What this task involves:
Reproduce exactly, leaving out pictures, each line from the one holding "white flower in the red roses bush" through the final line of the listing, and add nothing.

== Supplied data

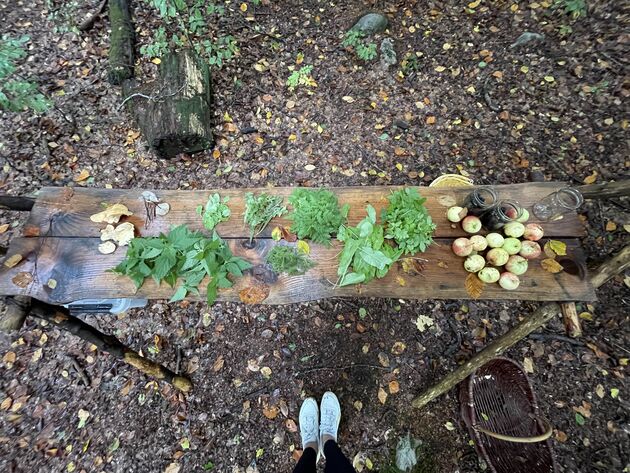 <em>Een tafel vol ingredi\u00ebnten voor een smaakvolle lunch!<\/em>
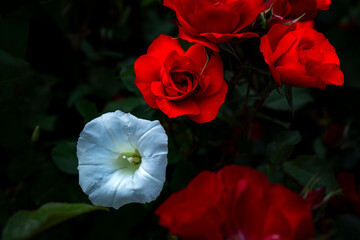 white flower in the red roses bush
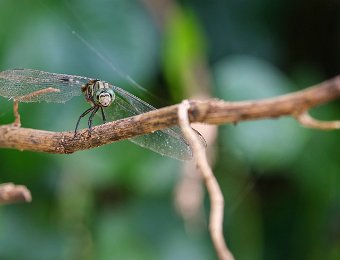 Grande libellule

====

Solution to the problem:
 white flower in the red roses bush
 Grande libellule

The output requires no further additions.